■ **WORK ITEM**
Should any entry hold a picture, omit that picture and copy the rest of the entry exactly.

···

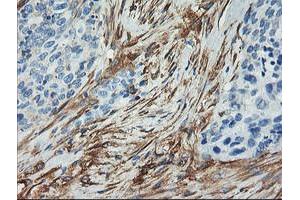 Immunohistochemical staining of paraffin-embedded Adenocarcinoma of Human breast tissue using anti-CNN2 mouse monoclonal antibody. (CNN2 anticorps)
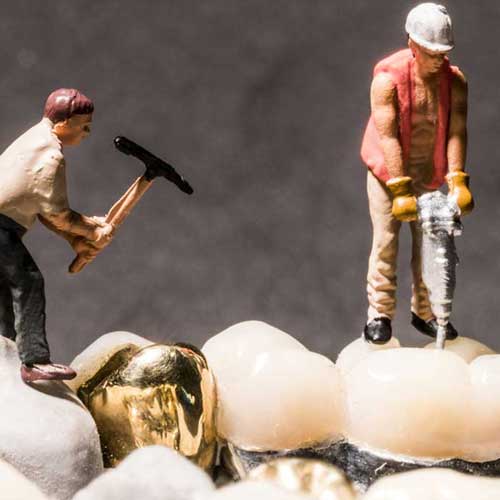 Zahnfüllungen im Vergleich: Z...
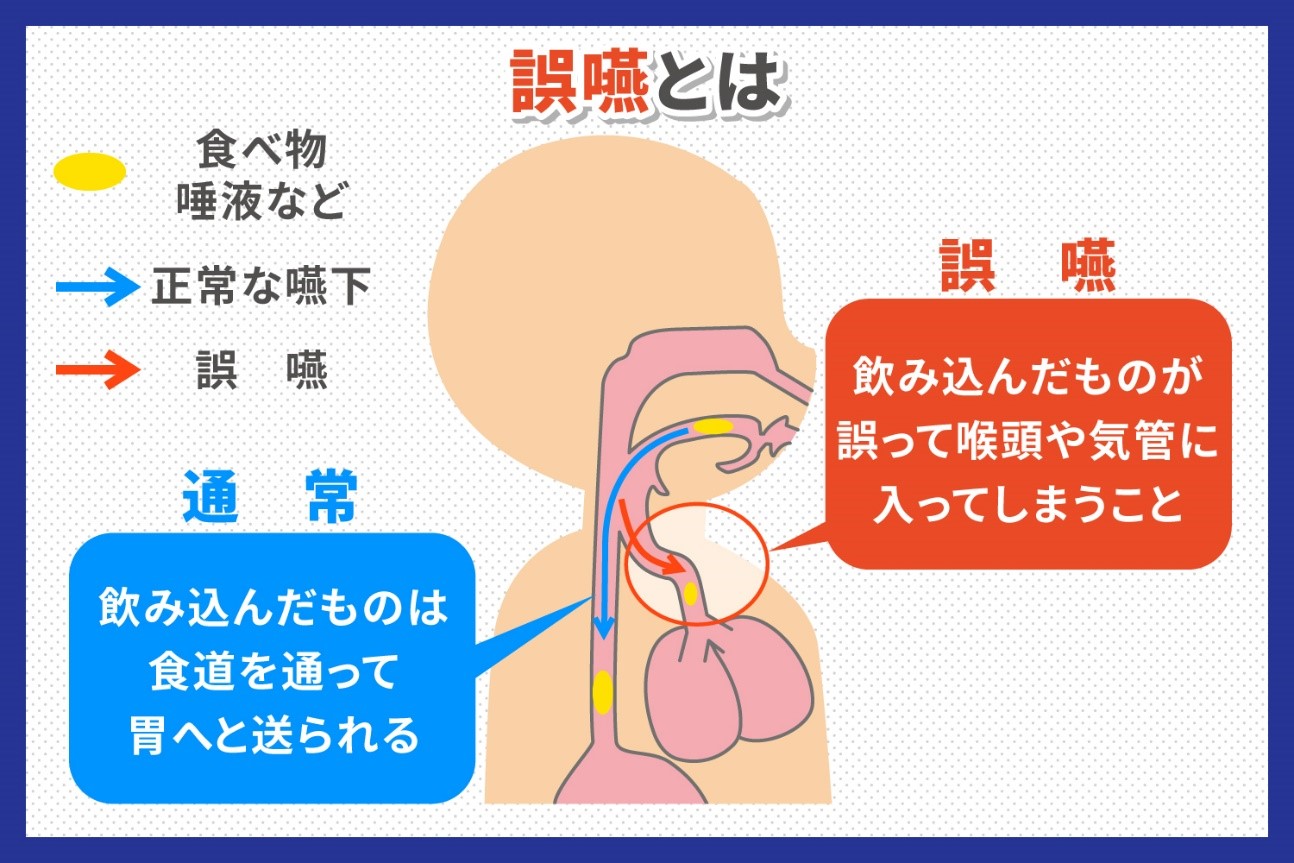 誤嚥を予防する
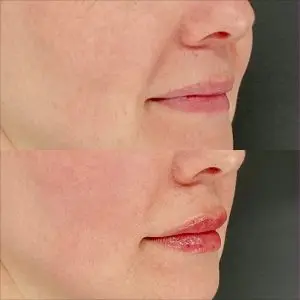 Lip Filler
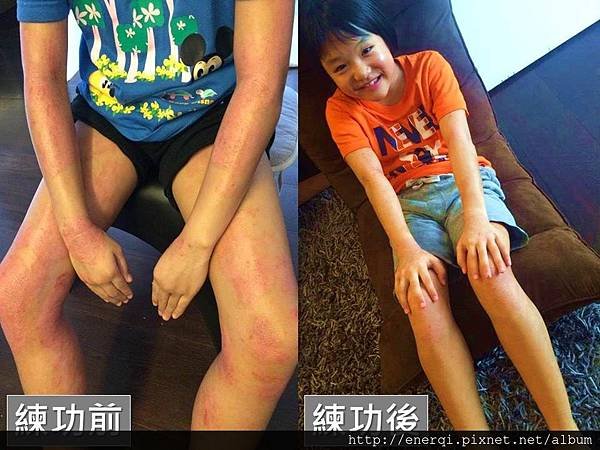 香港濕疹2.jpg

···

■ **YOUR SOLUTION**
 Immunohistochemical staining of paraffin-embedded Adenocarcinoma of Human breast tissue using anti-CNN2 mouse monoclonal antibody. (CNN2 anticorps)
 Zahnfüllungen im Vergleich: Z...
 誤嚥を予防する
 Lip Filler
 香港濕疹2.jpg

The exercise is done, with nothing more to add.